Dessa maneira, imperiosa se faz a incidência do art. 157 do CPP (6), o qual preleciona o desentranhamento de provas ilícitas, assim entendidas as obtidas em violação a normas constitucionais ou legais. A ordenação ex officio do ato judicial impugnado, quando associada às características particulares do caso concreto, confirmam a grave violação do princípio acusatório.

Por fim, o ministro ponderou ser evidente a quebra da imparcialidade do juízo, o que finda por macular os atos decisórios proferidos, porquanto ausente o elemento base de legitimidade da jurisdição em um Estado Democrático de Direito.

Vencidos os ministros Edson Fachin (relator) e Cármen Lúcia, que negaram provimento ao agravo regimental.

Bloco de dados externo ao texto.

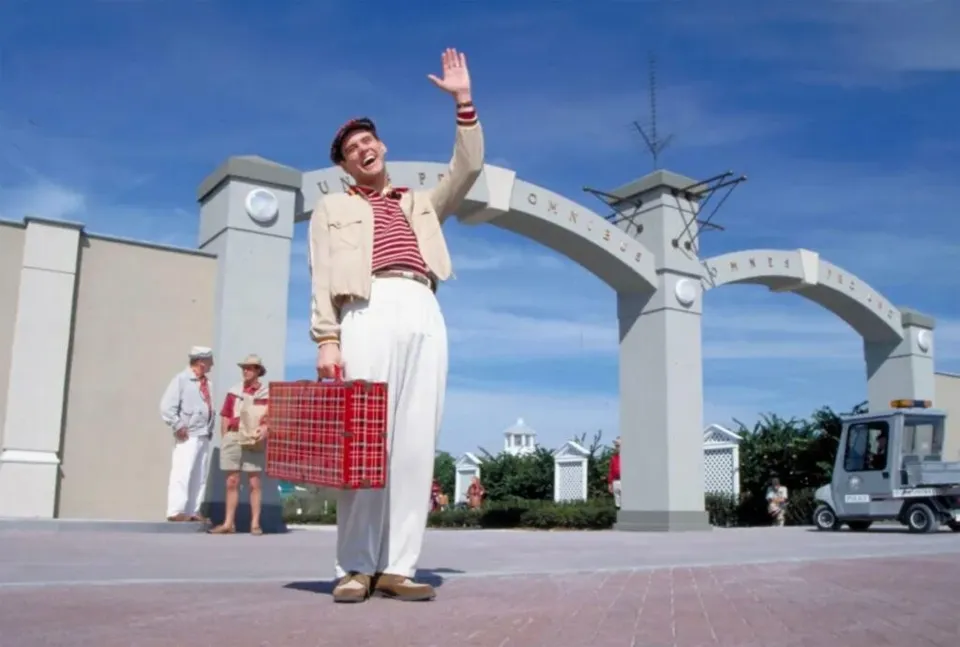Un bărbat cu pălărie, sacou bej și pantaloni albi stă în picioare salutând cu mâna, purtând un rucsac roșu în lateral.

O ministro Edson Fachin afirmou que as decisões objeto do recurso estão em linha com o entendimento do STF. De igual modo, citou orientação do STF no sentido de que as causas de impedimento do julgador, listadas no art. 252 do CPP, são taxativas e jungidas a fatos diretamente relacionados à ação penal em que arguida a imparcialidade (AImp 4).

Enfatizou que, a rigor, não se trata de alegação de exercício de função alheia à investidura jurisdicional, mas de eventual incorreção do exercício da atividade judicial, aspecto que, na espécie, não se insere na espacialidade da configuração dos impedimentos taxativamente previstos na legislação processual penal.

Avaliou que, durante as audiências indicadas pela defesa, não se detecta, objetivamente, exteriorização de juízo de valor acerca dos fatos ou das questões de direito, emergentes na fase preliminar, que impeça o juiz oficiante de atuar com imparcialidade no curso da ação penal.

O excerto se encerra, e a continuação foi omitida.